DERIVATION_TYPE_REGISTRY: dict[str, tuple[callable, str, str]] = {
    # type_name: (derive_function, derived_metric, cdg_xsd_pattern)
    "soundex":         (_derive_soundex,          "exact",         r"[A-Z][0-9]{3}"),
    "year":            (_derive_year,             "exact",         r"[0-9]{4}"),
    "postcode_area":   (_derive_postcode_area,    "levenshtein",   r"[A-Z]{1,2}[0-9][0-9A-Z]?"),
    "sha256":          (_derive_sha256,           "exact",         r"[0-9a-f]{64}"),
    "geohash":         (_derive_geohash,          "geohash_match", r"[0-9a-z]{4,8}"),
    "temporal_bucket": (_derive_temporal_bucket,   "exact",         r"[0-9]{4}(-[0-9]{2})?"),
    "casefold":        (_derive_casefold,         "levenshtein",   r".+"),
    "phonetic":        (_derive_phonetic,         "exact",         r"[A-Z]{1,8}"),
}

Legacy vs Lens-Driven Derivation

Two derivation modes exist for backward compatibility.

Legacy: DERIVATION_RULES (field-name-based)

The original implementation maps field names to derivation functions. This is hardcoded to the VRS screening lens field names.

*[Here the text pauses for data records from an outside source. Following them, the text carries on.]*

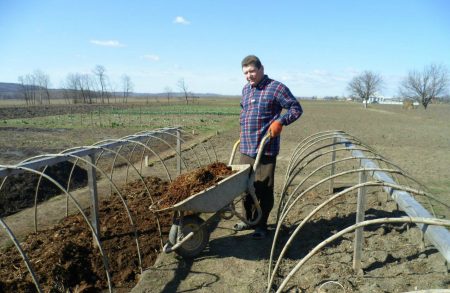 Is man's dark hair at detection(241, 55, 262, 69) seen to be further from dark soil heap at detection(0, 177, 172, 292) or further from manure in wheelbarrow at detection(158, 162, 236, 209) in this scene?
dark soil heap at detection(0, 177, 172, 292)

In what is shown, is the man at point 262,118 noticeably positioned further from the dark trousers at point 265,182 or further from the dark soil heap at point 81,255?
the dark soil heap at point 81,255

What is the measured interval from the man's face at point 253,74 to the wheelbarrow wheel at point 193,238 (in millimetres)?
→ 1951

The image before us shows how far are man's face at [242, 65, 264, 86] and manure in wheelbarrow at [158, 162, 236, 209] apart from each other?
1.34m

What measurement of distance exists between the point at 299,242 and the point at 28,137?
1514 centimetres

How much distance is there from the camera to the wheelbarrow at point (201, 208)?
393 centimetres

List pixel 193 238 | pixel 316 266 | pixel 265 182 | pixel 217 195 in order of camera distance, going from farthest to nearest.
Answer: pixel 265 182 → pixel 193 238 → pixel 217 195 → pixel 316 266

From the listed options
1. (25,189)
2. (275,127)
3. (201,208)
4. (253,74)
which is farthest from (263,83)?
(25,189)

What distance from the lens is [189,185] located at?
4.20 metres

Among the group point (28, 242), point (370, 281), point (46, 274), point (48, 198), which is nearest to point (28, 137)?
point (48, 198)

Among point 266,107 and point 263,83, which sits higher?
point 263,83

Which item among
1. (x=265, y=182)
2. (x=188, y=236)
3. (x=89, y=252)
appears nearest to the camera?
(x=188, y=236)

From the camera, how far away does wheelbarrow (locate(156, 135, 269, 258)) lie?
393 cm

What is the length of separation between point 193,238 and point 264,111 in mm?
1907

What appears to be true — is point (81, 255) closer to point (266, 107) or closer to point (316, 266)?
point (316, 266) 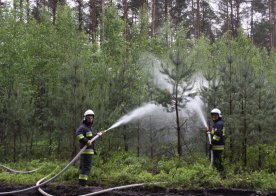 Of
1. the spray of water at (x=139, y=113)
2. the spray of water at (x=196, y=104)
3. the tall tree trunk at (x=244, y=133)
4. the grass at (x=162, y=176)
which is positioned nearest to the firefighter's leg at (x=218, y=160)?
the grass at (x=162, y=176)

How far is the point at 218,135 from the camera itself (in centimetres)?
1182

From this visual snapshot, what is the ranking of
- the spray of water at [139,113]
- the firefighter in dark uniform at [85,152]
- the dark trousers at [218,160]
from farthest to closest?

DERIVATION_RULES: dict[str, callable] = {
    "full_name":      _derive_soundex,
    "date_of_birth":  _derive_year,
    "postcode":       _derive_postcode_area,
    "phone":          _derive_sha256,
    "email":          _derive_sha256,
}

DERIVED_METRICS: dict[str, str] = {
    "full_name":      "exact",
    "date_of_birth":  "exact",
    "postcode":       "levenshtein",
    "phone":          "exact",
    "email":          "exact",
}

Limitation: Only works for fields named exactly full_name, date_of_birth, etc. Cannot be reused for different domains or lenses with different field names.

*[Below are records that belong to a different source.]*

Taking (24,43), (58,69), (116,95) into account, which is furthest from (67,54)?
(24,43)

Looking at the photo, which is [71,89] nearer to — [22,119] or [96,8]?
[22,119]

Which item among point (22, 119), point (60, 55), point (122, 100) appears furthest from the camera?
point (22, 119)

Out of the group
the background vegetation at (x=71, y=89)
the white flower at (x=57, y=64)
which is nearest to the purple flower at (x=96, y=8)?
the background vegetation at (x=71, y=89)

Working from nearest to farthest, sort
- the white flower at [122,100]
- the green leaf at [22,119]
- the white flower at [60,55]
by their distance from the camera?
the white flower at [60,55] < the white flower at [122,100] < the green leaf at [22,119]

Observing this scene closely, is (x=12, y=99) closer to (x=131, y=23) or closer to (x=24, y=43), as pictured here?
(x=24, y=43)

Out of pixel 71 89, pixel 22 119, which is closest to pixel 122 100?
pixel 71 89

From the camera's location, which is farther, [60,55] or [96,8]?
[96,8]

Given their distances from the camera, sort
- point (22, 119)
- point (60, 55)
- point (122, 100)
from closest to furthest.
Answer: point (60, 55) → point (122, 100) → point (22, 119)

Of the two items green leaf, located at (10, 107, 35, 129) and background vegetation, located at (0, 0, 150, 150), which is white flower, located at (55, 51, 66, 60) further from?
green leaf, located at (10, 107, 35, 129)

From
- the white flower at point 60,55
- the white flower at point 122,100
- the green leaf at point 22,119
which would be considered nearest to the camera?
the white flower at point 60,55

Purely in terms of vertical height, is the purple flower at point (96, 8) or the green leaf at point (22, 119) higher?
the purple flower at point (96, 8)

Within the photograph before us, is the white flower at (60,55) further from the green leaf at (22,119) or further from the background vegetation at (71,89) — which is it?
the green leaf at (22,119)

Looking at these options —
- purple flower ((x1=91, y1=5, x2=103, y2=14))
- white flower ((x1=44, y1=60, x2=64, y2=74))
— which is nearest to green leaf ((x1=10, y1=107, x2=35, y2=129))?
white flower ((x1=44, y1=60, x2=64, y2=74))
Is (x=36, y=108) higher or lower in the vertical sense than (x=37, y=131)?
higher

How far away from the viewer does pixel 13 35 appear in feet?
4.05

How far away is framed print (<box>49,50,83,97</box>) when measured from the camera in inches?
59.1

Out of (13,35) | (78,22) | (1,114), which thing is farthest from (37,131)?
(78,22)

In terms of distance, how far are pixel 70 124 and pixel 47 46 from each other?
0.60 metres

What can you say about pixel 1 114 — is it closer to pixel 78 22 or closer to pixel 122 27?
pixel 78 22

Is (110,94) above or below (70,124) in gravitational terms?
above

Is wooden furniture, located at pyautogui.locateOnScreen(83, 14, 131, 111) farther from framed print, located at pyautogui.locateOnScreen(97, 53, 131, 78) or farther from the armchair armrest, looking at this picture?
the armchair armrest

Lens-Driven: derivation_map parameter

New lenses should pass a derivation_map dict to derive_features() and build_derived_match_function(). The map specifies {field_name: derivation_type} using types from DERIVATION_TYPE_REGISTRY.

derivation_map = {
    "full_name": "casefold",           # override: use casefold instead of soundex
    "date_of_birth": "temporal_bucket", # override: YYYY-MM instead of year-only
    "location": "geohash",             # new field: not in legacy rules
}

Precedence rules for derive_features():

  1. If derivation_map is provided and contains the field: use DERIVATION_TYPE_REGISTRY[derivation_map[field]].
  2. Else if field is in legacy DERIVATION_RULES: use the legacy function.
  3. Else: apply _derive_sha256 as safe default.

Public API

derive_features()

def derive_features(
    records: list[dict],
    match_function: list[dict],
    id_field: str = "local_id",
    derivation_map: dict[str, str] | None = None,
) -> list[dict]:

Transforms raw records into derived feature vectors. Only fields listed in match_function are included. Fields without a derivation rule get SHA-256 hashed. The id_field is preserved as-is (it is a local reference, not PII).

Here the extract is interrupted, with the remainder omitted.